The Government of Uganda has deferred the signing of the Partnership Agreement between the European Union (EU) and the Organization of African, Caribbean, and Pacific States (OACPS), citing lack of clarity on key concepts.
The decision which was announced Friday, highlights Uganda's commitment to thoroughly understanding and aligning with the key elements of the agreement before formalizing its endorsement.
The Partnership Agreement, which looks to ‘shape relations between the EU and OACPS over the next two decades,’ spans a spectrum of critical areas, including investment, environmental sustainability, climate change, irregular migration, and good governance.
While expressing alignment with many aspects of the agreement, Uganda has raised concerns and reservations on specific concepts, prompting internal consultations to ensure a unified national perspective. Key concepts under scrutiny include marginalized groups, sex, gender equality, sexual and gender-based discrimination, vulnerable groups, and sexuality education.

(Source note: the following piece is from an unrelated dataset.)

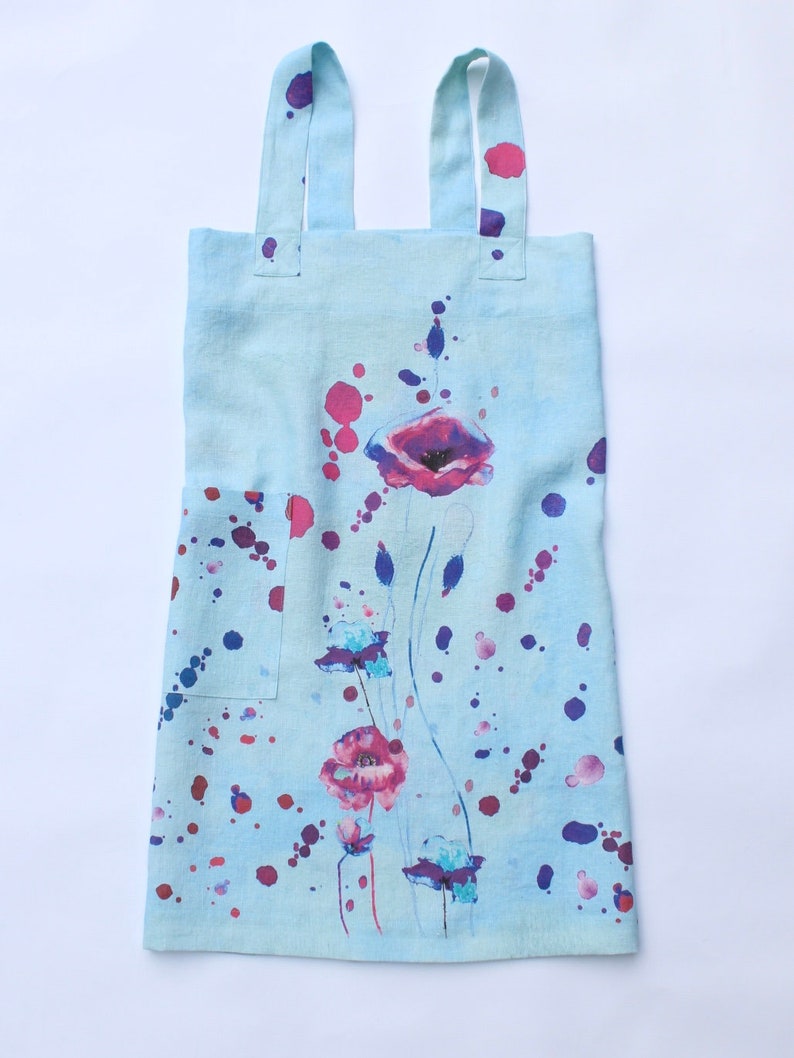 Linen cross back apron Watercolor Poppies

One noteworthy concern outlined by Uganda is the introduction of ‘Regional Councils of Ministers and Regional Parliamentary Assemblies for each of the African, Caribbean, and Pacific Regions, alongside maintaining the EU as a single bloc.’ Uganda argues that this arrangement may perpetuate historical and structural separations, potentially impacting fair engagement among member states.
A critical point of contention is the placement of the Agreement above existing bilateral or other agreements between individual EU Member States and OACPS States. Uganda questions the potential undoing of bilateral relations and regional commitments developed over the years, emphasizing the need to safeguard existing interstate relations.
Moreover, the provision granting the OACPS-EU Council of Ministers the power to adopt binding decisions on all parties raises constitutional concerns for Uganda.
The government further asserts that ‘internal consultations will continue to ensure the supremacy of the Ugandan Constitution’ in this regard.
Despite these reservations, Uganda affirms its openness to future dialogues, processes, and forums aimed at addressing concerns and involving OACPS members who, like Uganda, have chosen not to sign the Agreement today.
This decision reflects Uganda's commitment to thorough internal deliberations and alignment with its national interests before committing to the long-term implications of the EU-OACPS Partnership Agreement.